Punjab Police confirmed they have arrested the officer involved, who has appeared before a court and been remanded in custody. A criminal complaint from the victim’s father has been registered. According to Punjab Police’s statement, there was “absolutely no justification for deviating from established protocols” and a “thorough and impartial investigation” is underway.
One arrest is a start. It is not justice. And it is not a systemic fix.

The Real Question: Why Does This Pattern Keep Happening?
The Hania Ahmed case is not an isolated incident in a vacuum. It is the latest in a documented pattern of Pakistani police — particularly specialised units and Elite Force personnel — using lethal force without adequate target verification. The officer who killed Hania Ahmed opened fire on a moving vehicle without confirming its occupants. That is a training failure. A command failure. A system that treats lethal ambiguity as an acceptable operational response.
The same week, 24PakTimes reported on Bannu blasts targeting police vehicles — a reminder that Pakistan’s security forces operate under genuine daily threat in many parts of the country. That pressure creates the hair-trigger responses that produced this tragedy in Chakwal. But genuine threat in KPK does not excuse shooting at families returning from Hajj in Punjab.
The Diplomatic Fallout Pakistan Must Address Immediately
The Australia-Pakistan bilateral relationship is now under direct diplomatic stress.
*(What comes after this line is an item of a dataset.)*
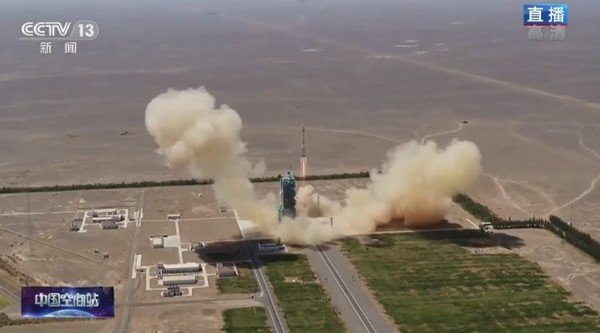 神舟十四号载人飞船发射取得圆满成功，创下了哪些新纪录？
Albanese’s public demand for transparency is not diplomatic courtesy — it is political pressure from a country that hosts over 100,000 Pakistanis and represents a major destination for Pakistani diaspora, students, and skilled workers.
Pakistan cannot afford diplomatic friction with Australia at the moment its international standing is at its highest in years. The Islamabad MOU gave Pakistan global credibility. The Hania Ahmed case, if mishandled or whitewashed, directly erodes it.
The government must do three things — fast. First, ensure the investigation is genuinely independent — not an internal departmental inquiry. Second, provide full medical, financial, and consular support to the Ahmed family immediately. Third, announce concrete, enforceable reforms to use-of-force protocols for specialised police units across Punjab.
What Happens Next
Hania Ahmed is gone. Her family carries injuries — physical and otherwise — that will not heal quickly. The criminal case against the officer who shot her is now before the courts. Whether Pakistan’s judicial system delivers visible, swift justice will determine whether this becomes a footnote or a turning point for police reform.
24PakTimes will follow the Hania Ahmed case through the courts and report on every development, including any police reform announcements from the Punjab government.